Funding for our $811 million operational budget, which covers day-to-day expenses, is based chiefly on enrollment. Our students are assigned a unit value through a formula known as the SEG (State Equalization Guarantee). Not surprisingly, the vast majority of that funding (about 90 percent) goes to salaries and benefits. We are, after all, a people-driven enterprise.

Two-thirds of our operational budget goes to direct instruction, including teachers and educational assistants. Another 10 percent goes to student support, including counselors, nurses, occupational therapy, and psychological services. About 5 percent goes to school administration, including principals, assistant principals, and office staff. Another 3 percent goes to instructional support, including librarians and media specialists.

You might be surprised to know that only about 3 percent of the district’s operational budget goes to central services such as human resources, payroll, technology support, accounting, and purchasing. 

I point all of this out because if you continue to review the budget summary, you will notice an unsettling trend – APS enrollment has been declining for a decade now, with a rapid decrease in the number of students last school year. We had hoped that many of those students would return when we switched from remote to in-person learning, but that didn’t happen. Our enrollment has gone from more than 85,000 students during the 2015-2016 school year to about 73,000 this school year.

We have seen the most significant enrollment decline in the younger grades, which correlates with statewide demographics. We know that millennials who choose to become parents have fewer children later in life. We also know that many young people who can’t find good-paying jobs leave New Mexico.

And so, we have to adjust.  

We anticipate a budget shortfall of about $25 million this coming school year. That might sound crazy considering all of the COVID-relief support we got from the federal government and the additional funding the Legislature is talking about providing for public education. But all of those dollars are designated for specific uses, whether employee raises or improved school ventilation. They can’t be used to cover salaries, benefits, and day-to-day expenses.

Bottom line: We’re going to have to make changes. The APS Budget Steering Committee has met almost weekly for months now to consider our options.

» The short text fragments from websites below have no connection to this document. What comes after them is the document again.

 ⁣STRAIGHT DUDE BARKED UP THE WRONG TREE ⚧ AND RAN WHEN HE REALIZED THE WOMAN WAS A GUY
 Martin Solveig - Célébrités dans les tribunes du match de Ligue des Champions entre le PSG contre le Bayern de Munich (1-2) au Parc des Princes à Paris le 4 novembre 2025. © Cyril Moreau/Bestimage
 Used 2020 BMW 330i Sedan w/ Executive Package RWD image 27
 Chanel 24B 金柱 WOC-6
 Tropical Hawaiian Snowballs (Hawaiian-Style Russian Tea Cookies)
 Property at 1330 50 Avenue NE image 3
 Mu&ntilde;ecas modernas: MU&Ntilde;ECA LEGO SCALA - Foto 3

We know we will have to make some hard decisions in the coming weeks and months. We don’t expect to make these decisions alone. We will be reaching out to our community for cost-saving ideas. Be on the lookout for ways to provide your input.

In the meantime, keep doing what you do every day – teaching and supporting students. It’s been a tough year with lots of interruptions, the latest being an arctic blast that shut down schools. But you continue to do good work, and I appreciate that.